NORTHAMPTON, Mass. (WWLP) – Colonel Richard McKeon has been the top cop at the state police for a very short time, but he’s already made a big change that could affect the public and future cases involving police.
It’s a change for the Massachusetts state police, newly sworn-in state police colonel Richard McKeon is inviting the public to videotape troopers while they are in a public setting. At his swearing-in ceremony Thursday, McKeon said police across the country are changing.
Colonel Mckeon said that that the state police cannot do their jobs without the trust of the public, he said his troopers have nothing to hide and he wants them to be held accountable.

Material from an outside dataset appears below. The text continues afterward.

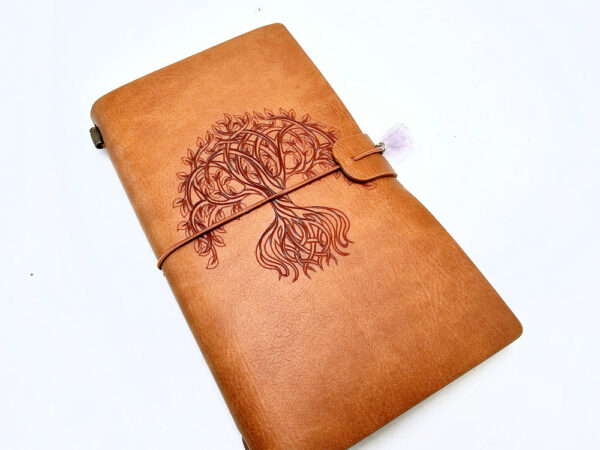 Tan colour journal with a tree of life cover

“I think it’s a good think that he’s done but we don’t need his permission to do it. You and I and everyone have a constitutionally guaranteed right to be able to video record and audio record performing their function in a public place,” said Attorney William Newman of ACLU, Director of Western Massachusetts Legal Office.
However, Attorney Newman also told 22News that a person’s constitutional right to video tape only goes up to the point that they are not interfering with police work.
“I work as a paramedic in Springfield and I see people videotaping and you’re always told that there’s that possibility that you might be on camera. It certainly can get in the way more than anything else” said Riley Liptack of Northampton.
Attorney Newman also added that he’s worked on cases involving police, and many times cellphone video has been helpful.
When asked about body cameras, Colonel McKeon said it’s a huge expense, but it’s an option they will continue to explore.